MATLAB Examples

Speaker Identification Using Pitch and MFCC

This example demonstrates a machine learning approach to identify people based on features extracted from recorded speech. The features used to train the classifier are: pitch of the voiced segments of the speech, and the Mel Frequency Cepstrum Coefficients (MFCC). This is a closed-set speaker identification - the audio of the speaker under test is compared against all the available speaker models (a finite set) and the closest match is returned.

This example requires Statistics and Machine Learning Toolbox.

Contents

Introduction

The approach used in this example for speaker identification is shown in the diagram.

Pitch and Mel Frequency Cepstrum Coefficients (MFCC) are extracted from speech signals recorded for 10 speakers. These features are used to train a K-Nearest Neighbor (KNN) classifier. Then, new speech signals that need to be classified go through the same feature extraction. The trained KNN classifier predicts which one of the ten speakers is the closest match.

Features Used for Classification

This section discusses pitch and Mel Frequency Cepstrum Coefficients (MFCCs), the two features that are used to classify speakers.

Pitch

Speech can be broadly categorized as voiced and unvoiced. In the case of voiced speech, air from the lungs is modulated by vocal cords and results in a quasi-periodic excitation. The resulting sound is dominated by a relatively low-frequency oscillation, referred to as pitch. In the case of unvoiced speech, air from the lungs passes through a constriction in the vocal tract and becomes a turbulent, noise-like excitation. In the source-filter model of speech, the excitation is referred to as the source, and the vocal tract is referred to as the filter. Characterizing the source is an important part of characterizing the speech system.

As an example of voiced and unvoiced speech, consider a time-domain representation of the word "two" (/T UW/). The consonant /T/ (unvoiced speech) looks like noise, while the vowel /UW/ (voiced speech) is characterized by a strong fundamental frequency.

[audioIn, fs] = audioread('Counting-16-44p1-mono-15secs.wav');
twoStart = 110e3;
twoStop = 135e3;
audioIn = audioIn(twoStart:twoStop);
timeVector = linspace((twoStart/fs),(twoStop/fs),numel(audioIn));
figure;
plot(timeVector,audioIn);
axis([(twoStart/fs) (twoStop/fs) -1 1]);
ylabel('Amplitude');
xlabel('Time (s)');
title('Utterance - Two')
sound(audioIn,fs);

The simplest method to distinguish between voiced and unvoiced speech is to analyze the zero crossing rate.
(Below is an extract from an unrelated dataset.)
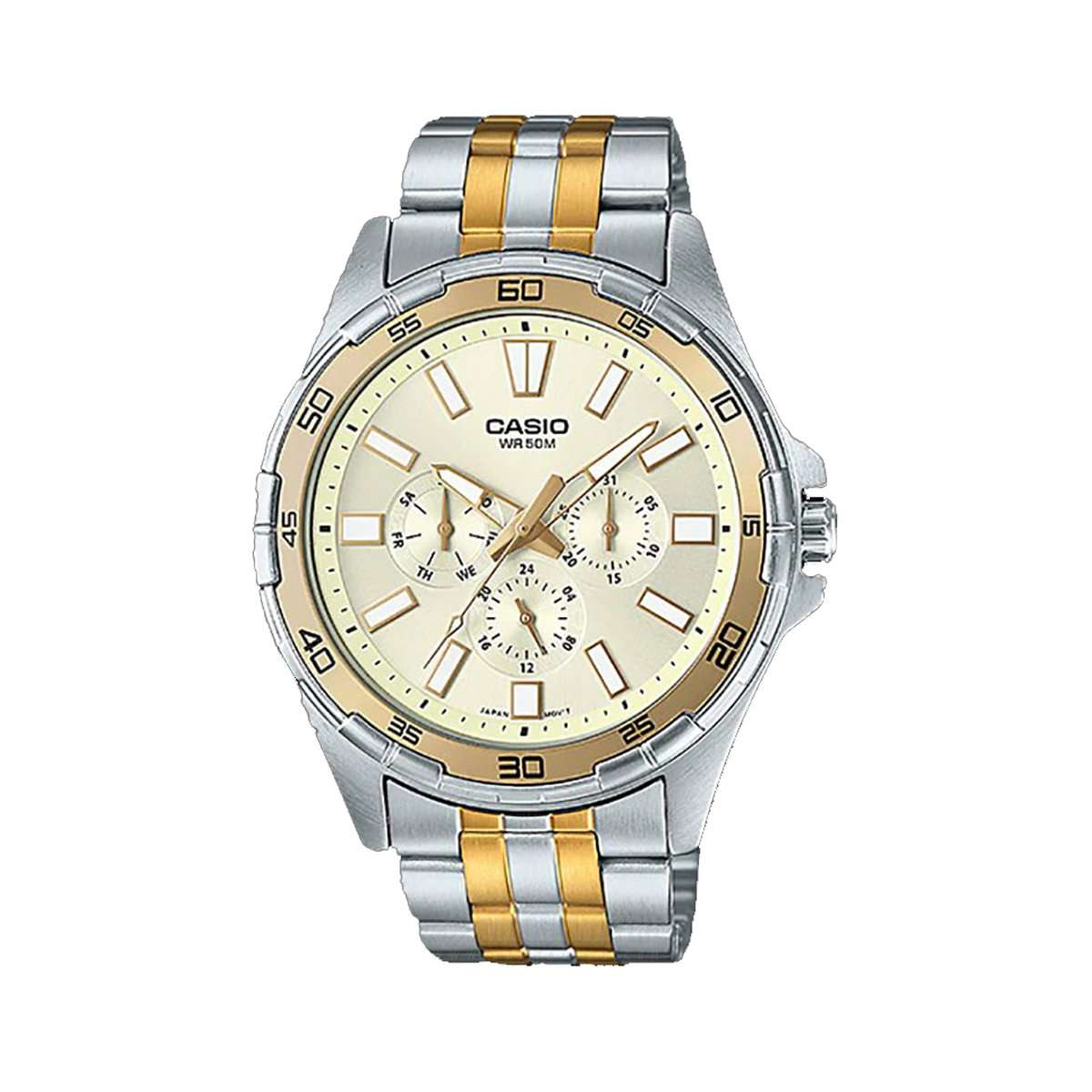 Casio MTD-300SG-9A Two-Toned Stainless Watch for Men-Watch Portal Philippines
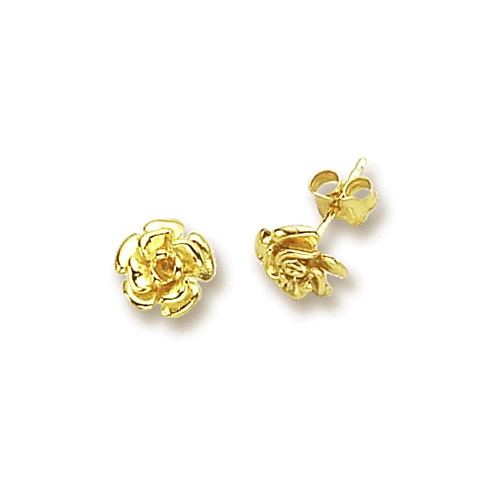 Yellow Gold Delicate Diamond Earrings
A large number of zero crossings implies that there is no dominate low-frequency oscillation.

Once you isolate a region of voiced speech, you can characterize it by estimating the pitch. This example uses pitch to estimate the pitch. It uses the default normalized autocorrelation approach to calculating pitch.

Apply pitch detection to the word "two" to see how pitch changes over time. This is known as the pitch contour, and is characteristic to a speaker.

pD = audiopluginexample.SpeechPitchDetector;
[~,pitch] = process(pD,audioIn);

figure;
subplot(2,1,1);
plot(timeVector,audioIn);
axis([(110e3/fs) (135e3/fs) -1 1])
ylabel('Amplitude')
xlabel('Time (s)')
title('Utterance - Two')

subplot(2,1,2)
plot(timeVector,pitch,'*')
axis([(110e3/fs) (135e3/fs) 80 140])
ylabel('Pitch (Hz)')
xlabel('Time (s)');
title('Pitch Contour');

Mel-Frequency Cepstrum Coefficients (MFCC)

Mel-Frequency Cepstrum Coefficients (MFCC) are popular features extracted from speech signals for use in recognition tasks. In the source-filter model of speech, MFCCs are understood to represent the filter (vocal tract). The frequency response of the vocal tract is relatively smooth, whereas the source of voiced speech can be modeled as an impulse train. The result is that the vocal tract can be estimated by the spectral envelope of a speech segment.

The motivating idea of MFCC is to compress information about the vocal tract (smoothed spectrum) into a small number of coefficients based on an understanding of the cochlea.

Although there is no hard standard for calculating MFCC, the basic steps are outlined by the diagram.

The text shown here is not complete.